*EXERCISE:* Where a line contains "Luxury detached 4", begin there and restate word for word every line to the end of the entries below, pictures excluded.

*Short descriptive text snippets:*
__________________________________________________
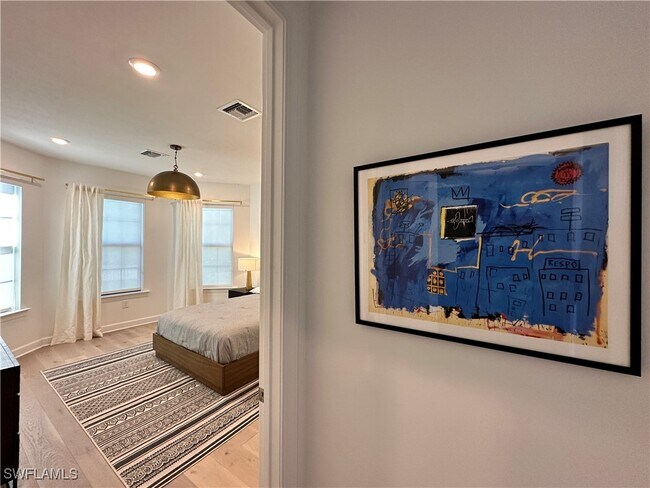 Building Photo - 9260 Cormorant Dr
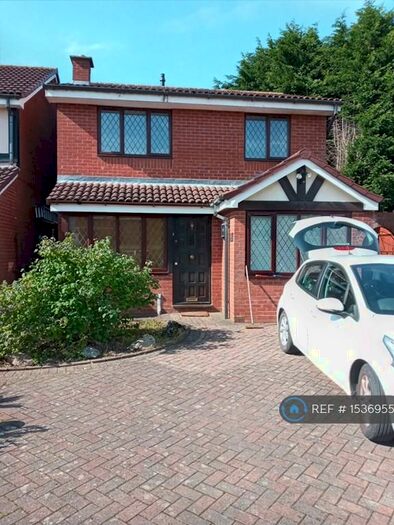 3 Bedroom Detached House To Rent In Fairlawns, Birmingham, B26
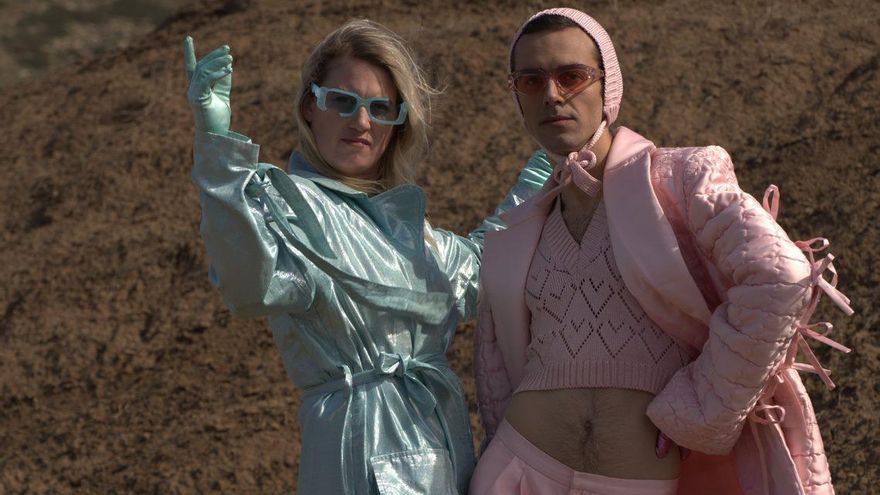 Rocío Saiz y Futurachicapop durante la grabación del videoclip de 'El Hartazgo del Mundo'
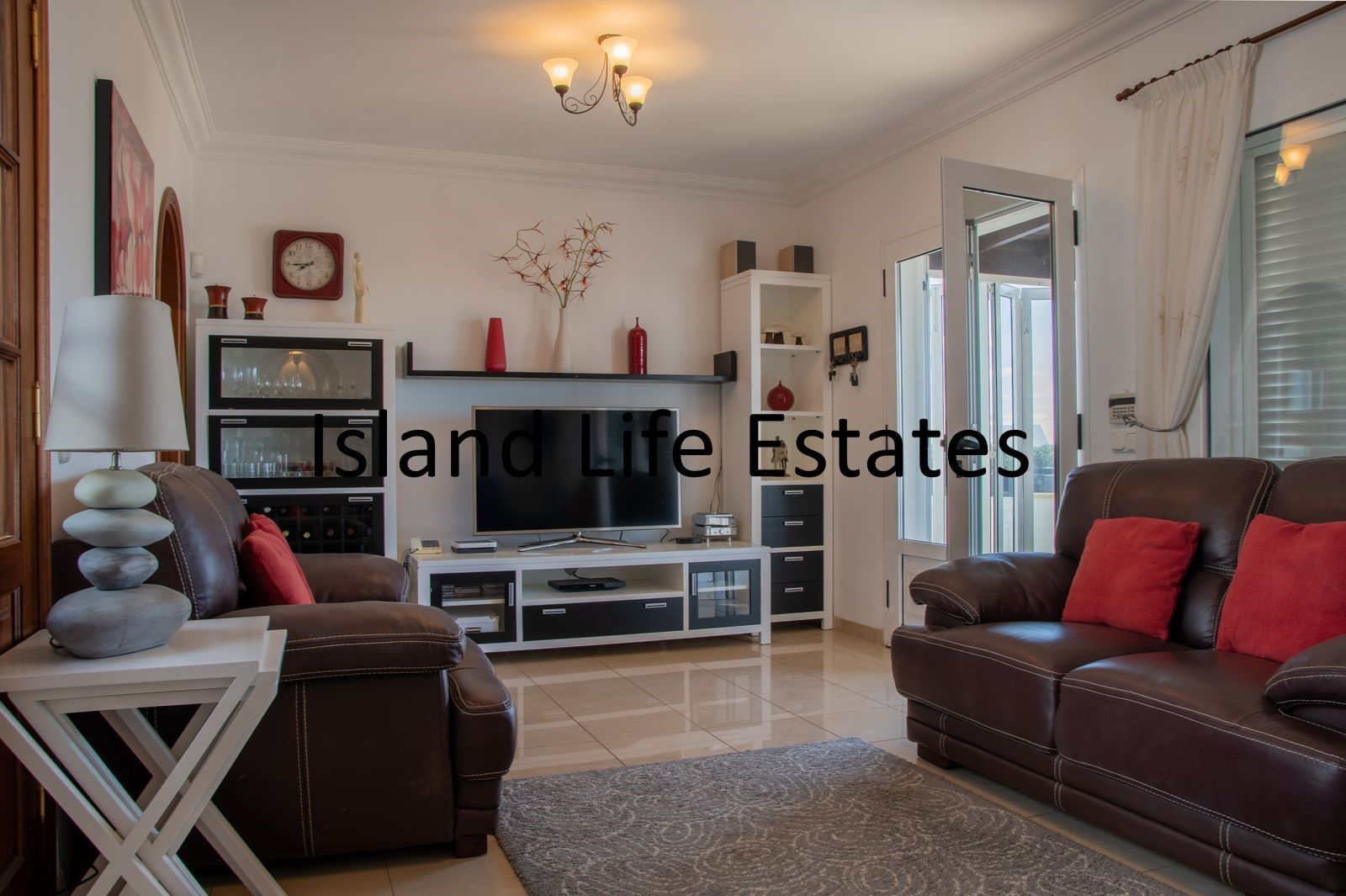 Luxury detached 4 bed villa on quality gated frontline development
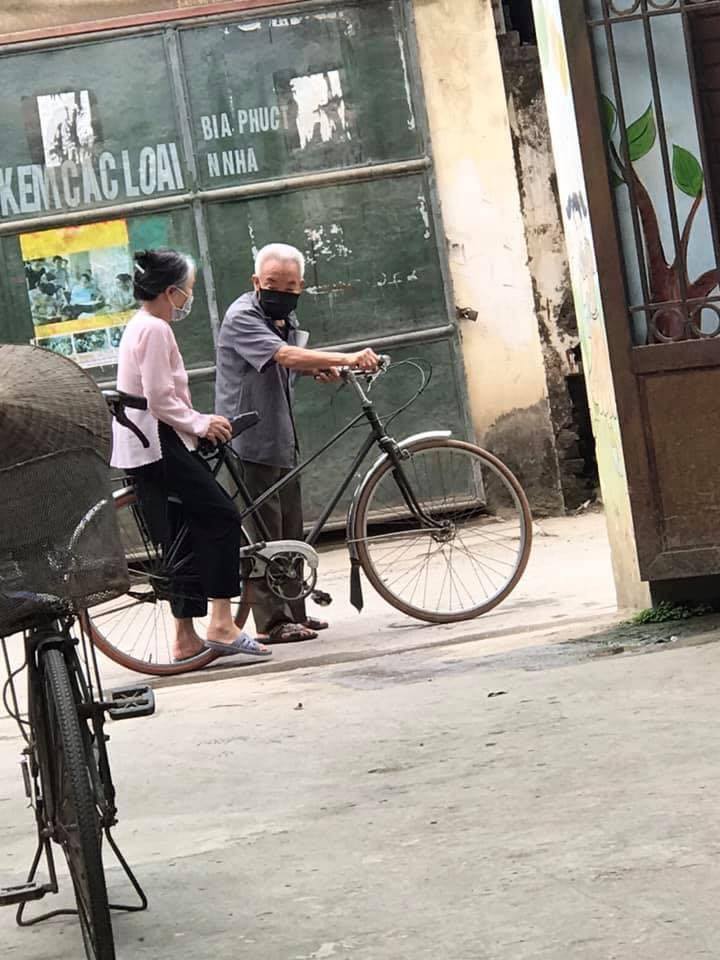Hình ảnh 2 ông bà chở nhau trên chiếc xe đạp trước ngõ và mẩu chuyện phía sau khiến ai nấy cực kì thích thú-1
__________________________________________________
*WRITTEN RESPONSE:*
 Luxury detached 4 bed villa on quality gated frontline development
Hình ảnh 2 ông bà chở nhau trên chiếc xe đạp trước ngõ và mẩu chuyện phía sau khiến ai nấy cực kì thích thú-1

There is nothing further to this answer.